After less than an hour of loading, the last batch of cats caught a ride out of the Gratiot site’s parking lot shortly before 2 p.m.

New digs

While the capacity limit for dogs decreased at the new site — the now-abandoned shelter in Saginaw possessed a capacity limit of 100 — the size of their new living quarters increased.

At the aging Saginaw site — a former Rite Aid converted into a shelter in 1998 — dogs were sheltered in kennels stacked one on top of another, resulting in tight living quarters for animals unfamiliar with each other.

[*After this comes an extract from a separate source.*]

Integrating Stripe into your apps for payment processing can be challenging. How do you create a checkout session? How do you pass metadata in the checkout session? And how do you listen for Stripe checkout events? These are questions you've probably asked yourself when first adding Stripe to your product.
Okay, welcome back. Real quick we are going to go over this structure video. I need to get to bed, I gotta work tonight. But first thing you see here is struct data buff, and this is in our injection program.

Housing so many canines in such close proximity agitated them, causing a near-often state of barking among the population, which agitated the animals further, officials said. The kennels were located in rooms several doors removed from a window with an outdoor view, meaning the residents there only enjoyed natural light when staff or volunteers led them to the property’s back yards.

The new animal shelter — which measures 23,000 square feet in size compared to the 7,680-square-foot former headquarters — does not feature stacked kennels for dogs. Walls separate several hallways where the adoptable animals are housed. And each hallway includes a door with a window, which provides some natural lighting. A hallway at the far end of the facility provides the canines there with a wall of windows facing the facility’s west yard.

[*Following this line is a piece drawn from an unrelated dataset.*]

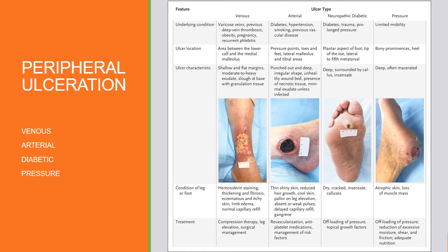Diabetic ulcers tend to be neuropathic in origin — an injury the patient didn't realize had occurred. These are usually found on the plantar aspect of the foot, the tip of the toe, or lateral to the fifth metatarsal. They're typically very deep with a surrounding callus. The goal is to offload pressure, teach good foot protection, and have the patient come in frequently for foot checks.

As for the felines: The new facility increased upon the old site’s 40-cat capacity, pushing that figure now to 100.

At the new headquarters, the shelter’s felines reside in glassed-enclosed rooms Kanicki labeled “cat condos.” There, the animals play with peers while scaling multi-level carpeted pet towers together. Planners designed the space surrounded by windows, which exposes the cats to a view of the facility’s front parking lot.

The added room to roam will improve health conditions, reducing the spread of disease among the dogs and cats that sometimes plagued animals at the old shelter, Kanicki said. An improved sewer drainage system for the animals also will help in that effort.

The county’s shelter operations closed to the public beginning Wednesday to accommodate the move. Services will resume at 8 a.m. Monday.

Kanicki said she plans to host a grand opening celebration in mid- to late-September, when she hopes to invite community members to see the new shelter they helped fund.